Hamilton hastened to assure her that she was deliberately averting her intelligence from his true meaning. "You have never doubted my sincerity for a moment," he added. "You surely know what it will cost me never to see you again. There is but one cause under heaven that could have brought me to you with this decision. You may believe in my regret--to use a plain word--when you reflect upon all that you have been to me."

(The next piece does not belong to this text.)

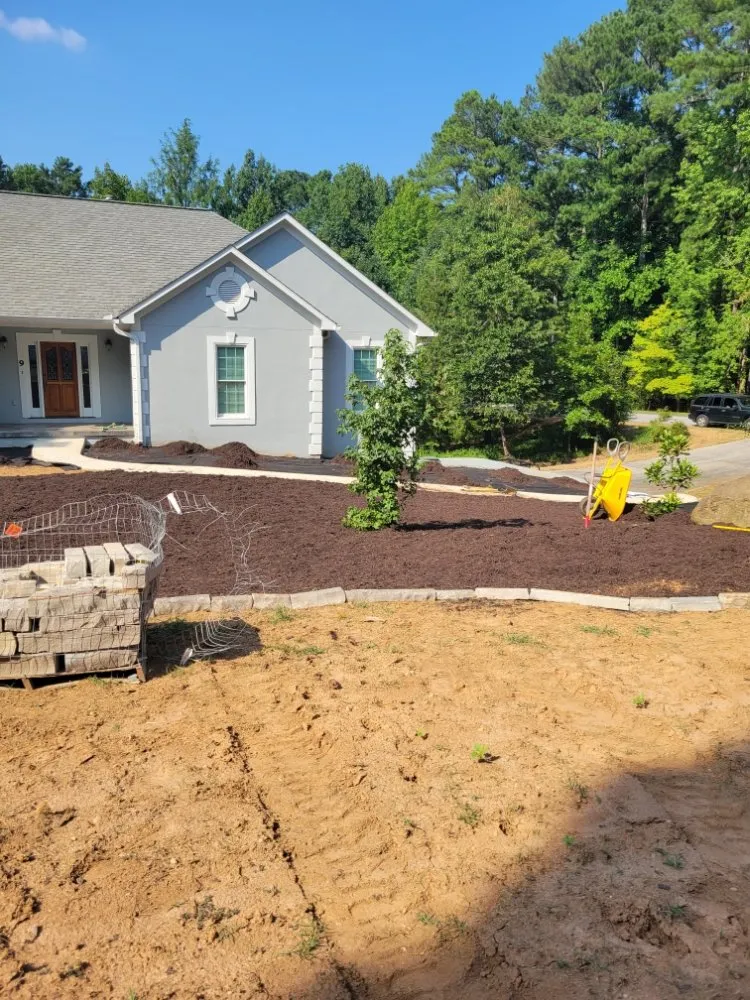 Professional yard cleanup service in Kennesaw, GA - Image Landscape Services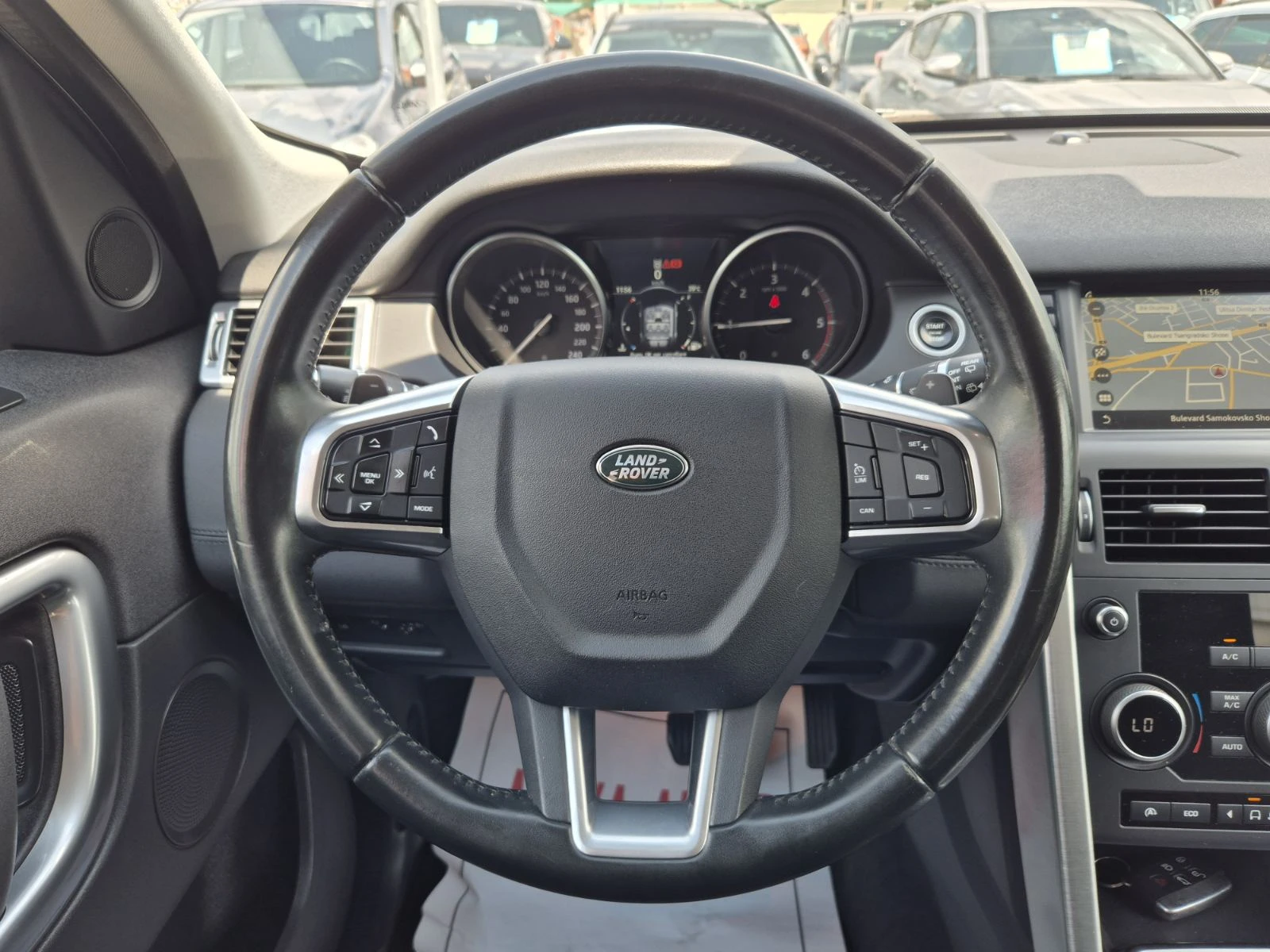 Land Rover Discovery Sport 2.0D-150кс - изображение 9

He was desperately afraid that her anger would dissolve in tears, and he be placed in a position from which he was not sure of emerging with a clear conscience,--and he dared take home nothing less. But Mrs. Croix, however she might feel on the morrow, was too outraged in her pride and vanity to be susceptible either to grief or the passion of love. She stormed up and down the room in increasing fury, her eyes flashing blue lightning, her strong hands smashing whatever costly offering they encountered. "Wives! Wives! Wives!" she screamed. "The little fools! What are wives for but to keep house and bring up babies? They are a class apart. I have suffered enough from their impertinent interference. Am I not a woman apart? Will you assert that there is a 'wife' in America who can hold her own with me for a moment in anything? Was I not created to reveal to men--and only the ablest, for I waste no time on fools--the very sublimation of my sex--a companionship they will find in no silly little fool, stupid with domesticity? Am I to submit, then, to be baulked by a sex I despise--and in the greatest passion that ever possessed a woman?" She stopped and laughed, bringing her lashes together and moving forward her beautiful lips. "What a fool I am!" she said. "You will come back when the humour seizes you. I had forgot that your family returned to-day. You are in your most domestic mood--and I have been inflicted with that before. But there will come an hour when neither your wife nor any other mortal power will keep you away from me. Is it not true?"

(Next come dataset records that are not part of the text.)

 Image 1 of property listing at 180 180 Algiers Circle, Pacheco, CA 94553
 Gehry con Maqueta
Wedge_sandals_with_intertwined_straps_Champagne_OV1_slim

Hamilton had turned pale; his ready imagination had responded with a presentiment of many desperate struggles. He rose, and took her hand forcibly.

"No," he said. "I shall not return. Believe me, that is the hardest sentence I have ever pronounced upon myself. And forgive me if I have been rude and inconsiderate. It was the result of the desire to have the agony over as quickly as possible. I should have found the anticipation unbearable, and I do not believe it would have been more soothing to you. There is no reason why your pride should be wounded, for this is not the result of satiety on my part, but of an imperative necessity. Shake hands with me."

She wrenched her hand free and, seizing a vase, flung it into a mirror. Hamilton retreated.